A
Vingança de Mathieu,
de Xavier Beauvois
Selon Mathieu, França,
2000
Existem dois inteligentíssimos
golpes de roteiro em A Vingança de Mathieu que o tornam
um filme acima da média. A primeira hora toda transcorre com uma
sensação de estarmos assistindo mais um filme muitíssimo
bem filmado sobre a questão do emprego (ou da falta dele) no mundo
moderno, sobre a injustiça das grandes empresas e suas estatísticas
(tantos mil desempregados, etc) contra a tragédia da rotina de
uma família. É um belo filme, mas quando irmãos começam
a brigar quanto a ações a serem tomadas, vem uma certa sensação
de que estamos por ver Eles não usam Blacktie capítulo
enésimo (e claro que o filme de Leon Hirszman não é
o primeiro do tema, talvez apenas o mais facilmente identificável
por nós).
É aí
que Beauvois quebra completamente a expectativa: ao invés do tradicionalíssimo
enfoque "político" (como se a palavra pudesse significar apenas
uma coisa, mas em cinema talvez signifique mesmo), ele parte para uma
radicalização da ação pessoal. O filho revoltado
com a morte do pai recém-demitido passa a seduzir a esposa do patrão.
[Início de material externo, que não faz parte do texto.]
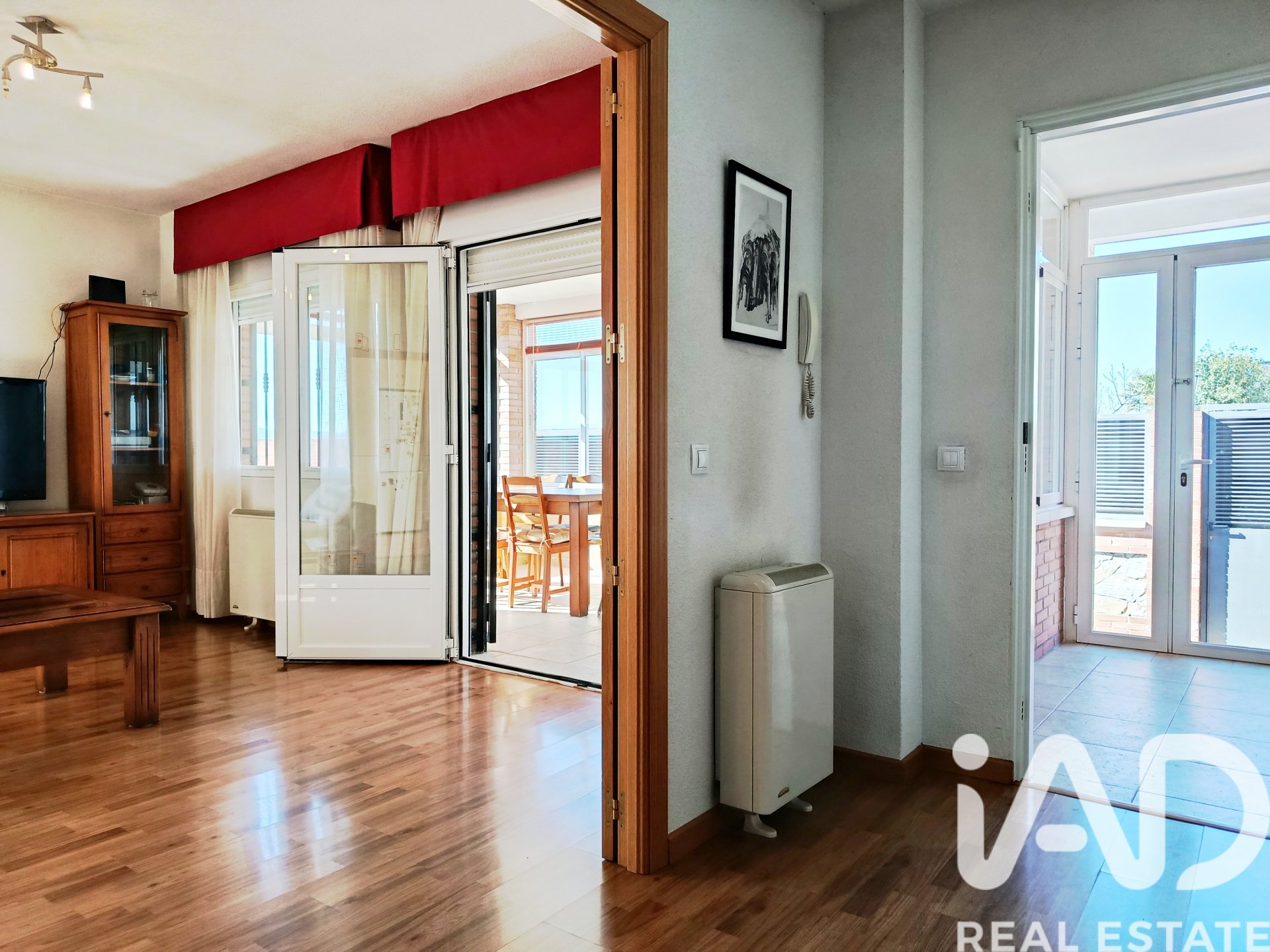 House in Meco, Madrid, Spanien 4 Schlafzimmer, 252 m2 Nr. 172697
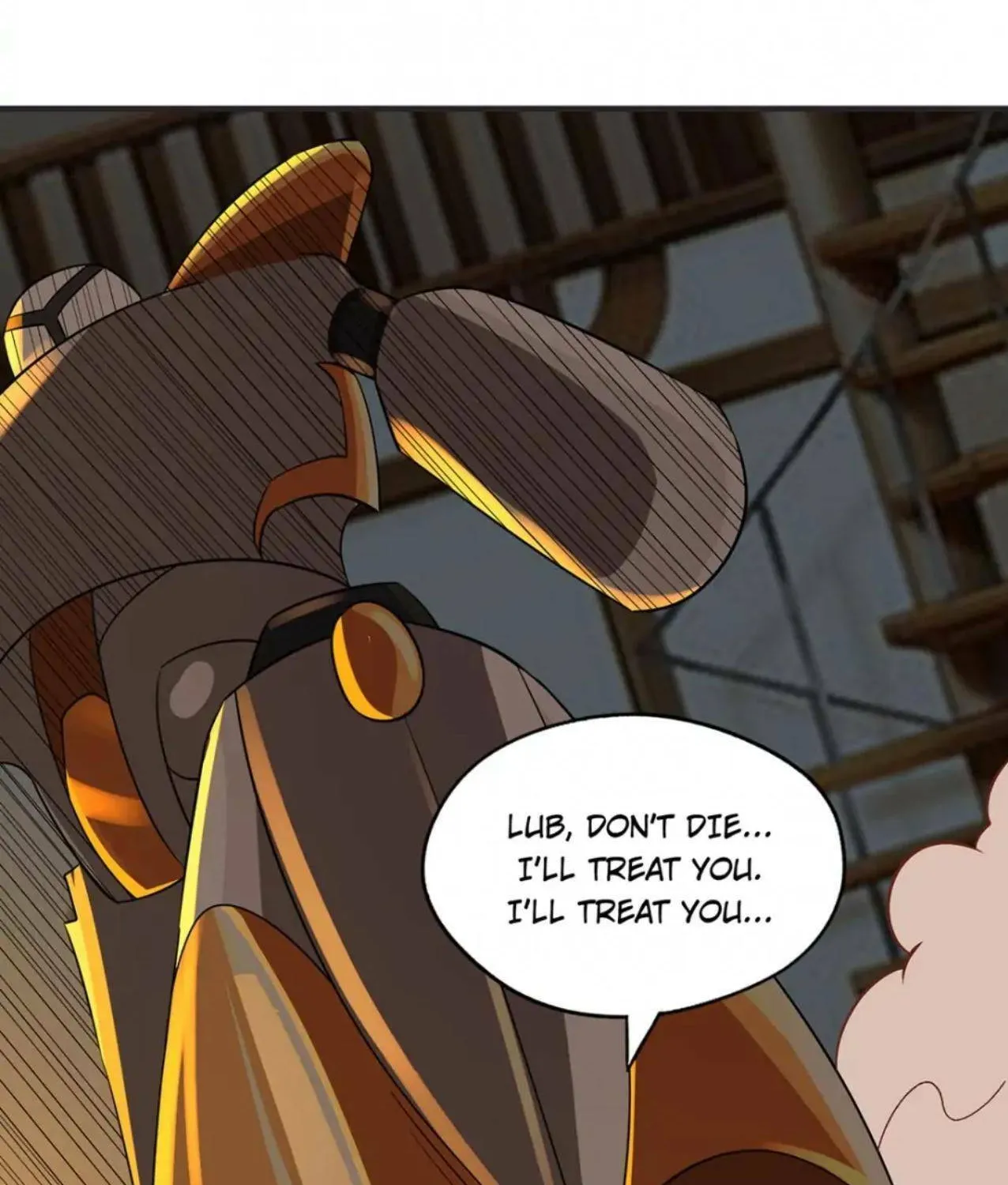 Read Devouring Realm chapter 202 image 53 on Lezhin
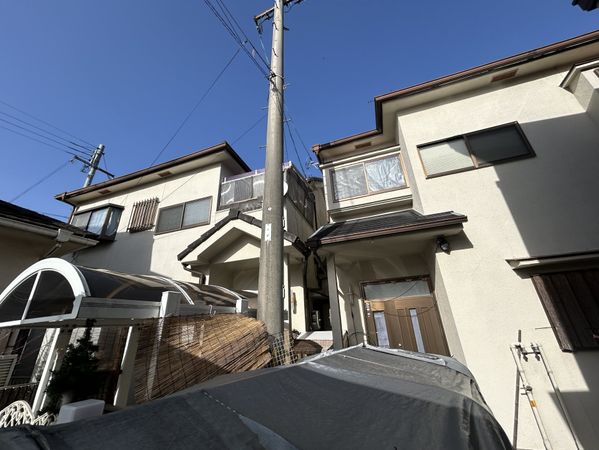 大津市月輪3丁目 外観 大津市月輪3丁目 外観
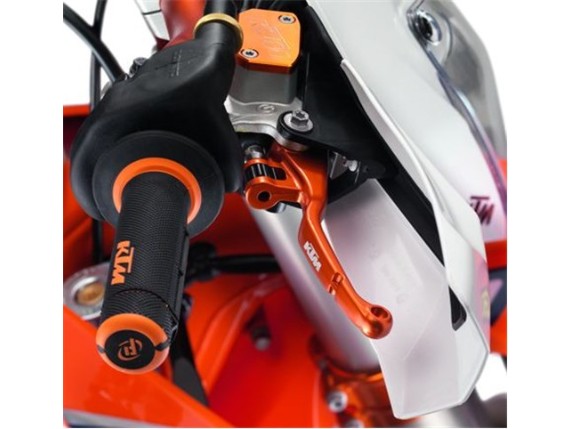 7871399204404, HANDBREMSHEBEL ORANGE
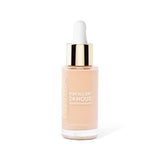 Superdrug Profusion Cosmetics 24 Hour Silicone Foundation Light Beige- Buy online at McGrocer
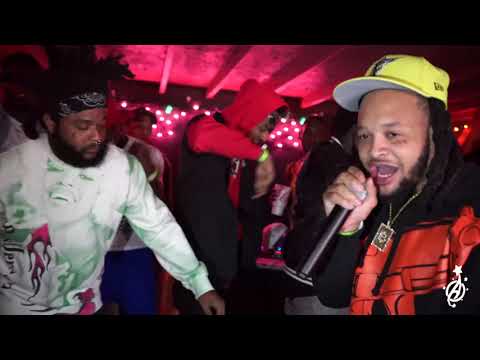 HardHeaded Huncho - MOA x TRAPHOUSE BLOG #1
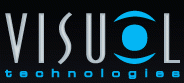 Logo VISUOL TECHNOLOGIES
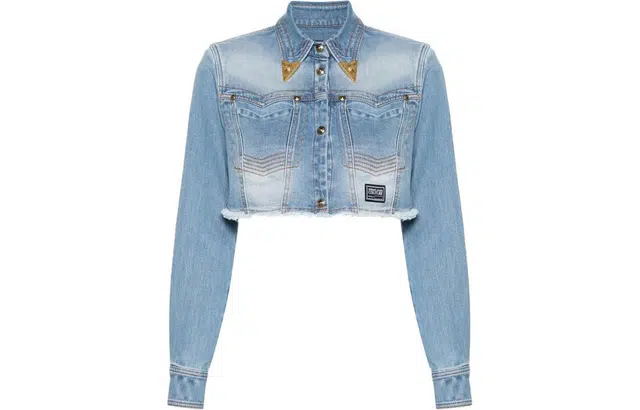 VERSACE JEANS COUTURE SS24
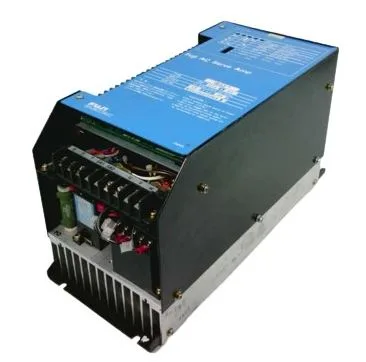 Fuji Electric FRE-101A-1Z — Servo Drives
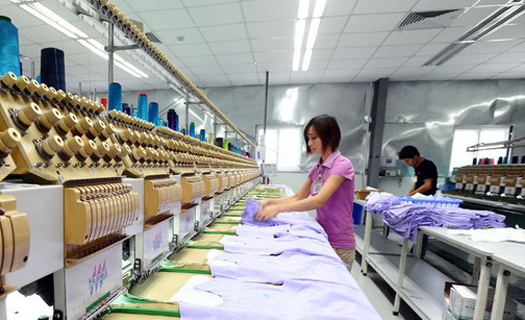 Covid-19 buộc doanh nghiệp Việt tăng 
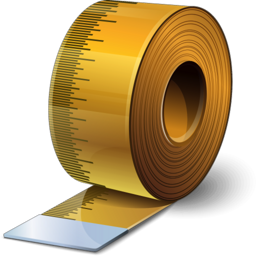 Rulers app icon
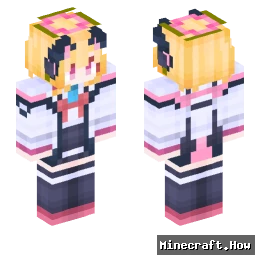 ootori5 - Minecraft skin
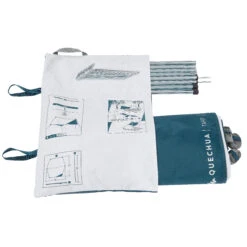 Quechua Camping Tarp 20 Quechua Camping Tarp -Quechua kaf3e1c68a05fb02273636758f9a005a4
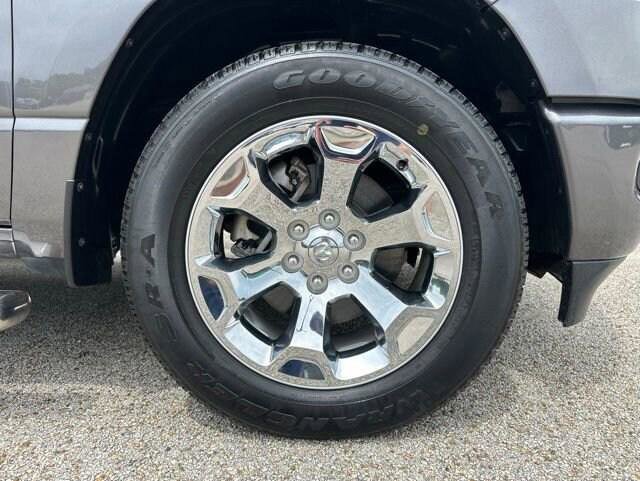 Certified 2023 RAM 1500 Lone Star AWD/4WD image 58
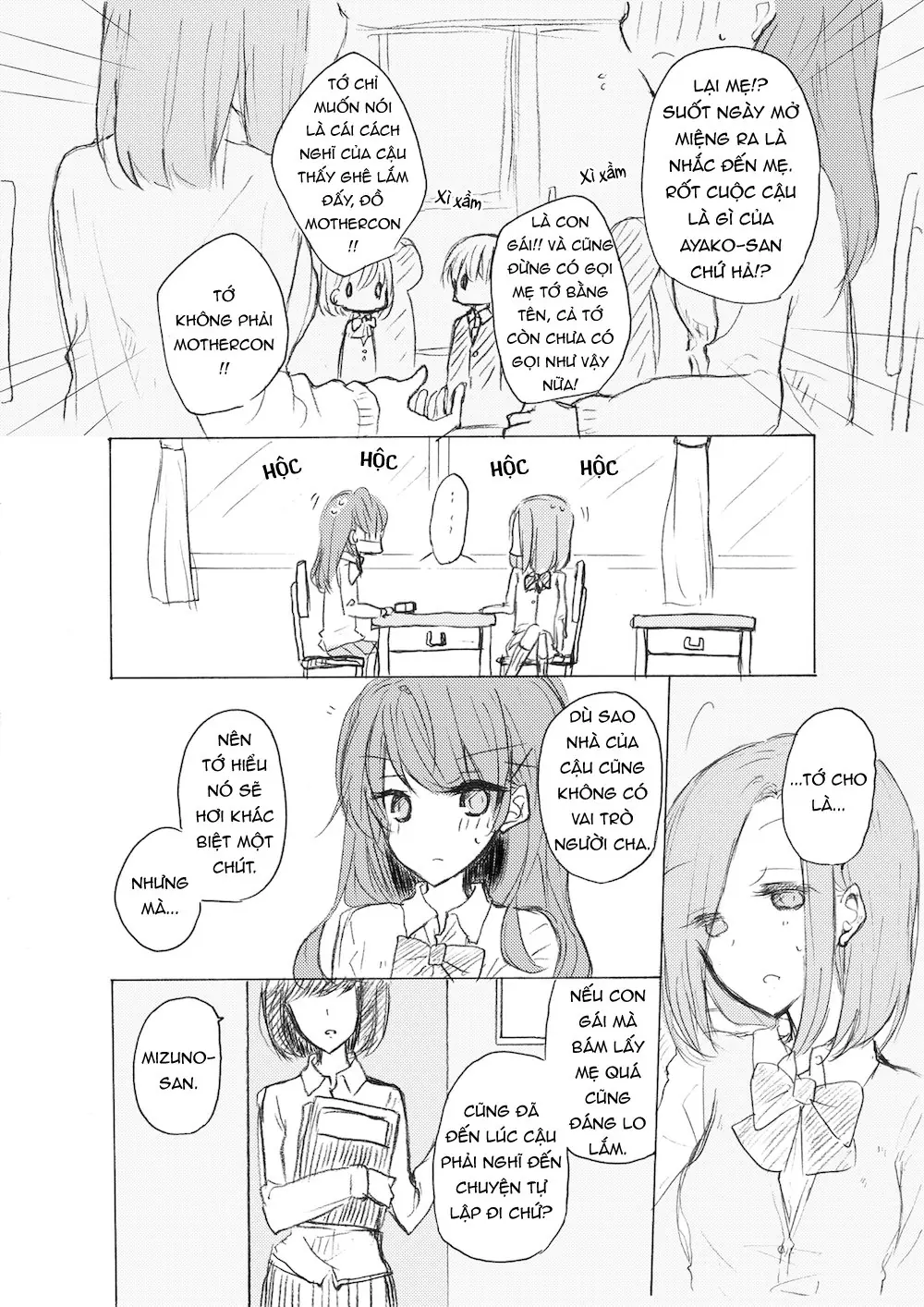 1 X 1/2 Chapter 3 - Trang 14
E mais: não satisfeito em usar deste inesperado caminho narrativo,
o diretor filma estes encontros não apenas como um "artifício"
de fim político, mas sim como a filmagem de um filme de "romance".
Pegos de surpresa, começamos a nos relacionar com este novo "gênero",
e começamos mais uma vez a remeter a tantos filmes (vêm a
mente A Primeira Noite de um Homem ou Uma Relação
Pornográfica), e passamos a esperar um de dois desfechos: ou
ele fazendo aquela mulher se apaixonar, consumando sua vingança
em cima dela; ou ele mesmo se apaixonando e colocando amor contra vingança
na sua balança de consciência.
Pois vem aí
o segundo golpe de Beauvois: o desfecho não caminha para nenhum
dos dois lados, e voltamos a um enfoque eminentemente político
e ao mesmo tempo familiar. Enfoque este que os tempos atuais refletem
de forma muito clara: num jogo de retaliação, é muito
mais fácil retaliar quando se detém o poder. E cabe aos
que não o possuem se unir, pois afinal é a única
coisa com que podem contar. Seja de que forma for, nada pode ser mais
atual. E mostra como a micropolítica e a macropolítica estão
sempre apenas a um dedo de distância.
Talvez o leitor mais
assíduo possa estranhar: "Ué, mas ele está elogiando
um filme por suas viradas de roteiro, justamente ele que sempre reclama
de filmes baseados exclusivamente nisso??" A palavra-chave de fato é
esta: exclusivamente. O que Beauvois sabe é que num filme de cunho
eminentemente narrativo e realista como o dele, a condução
narrativa precisa ter algum diferencial para sobreviver na selva dos milhares
de filmes já vistos por críticos e público. Precisa
jogar com as expectativas e surpresas destes. No entanto, só deve
fazer isso na medida em que seus personagens, seu conteúdo, seu
estilo, o peçam. E não apenas como arbitrários jogos
de roteiro. No fim, o filme de Beauvois é isso: um filme de roteiro.
Mas, um filme de roteiro não exclui uma direção competente
(a ver a cena da morte do pai, brilhante), cuidados estéticos,
nem muito menos coerência entre objetivos e meios.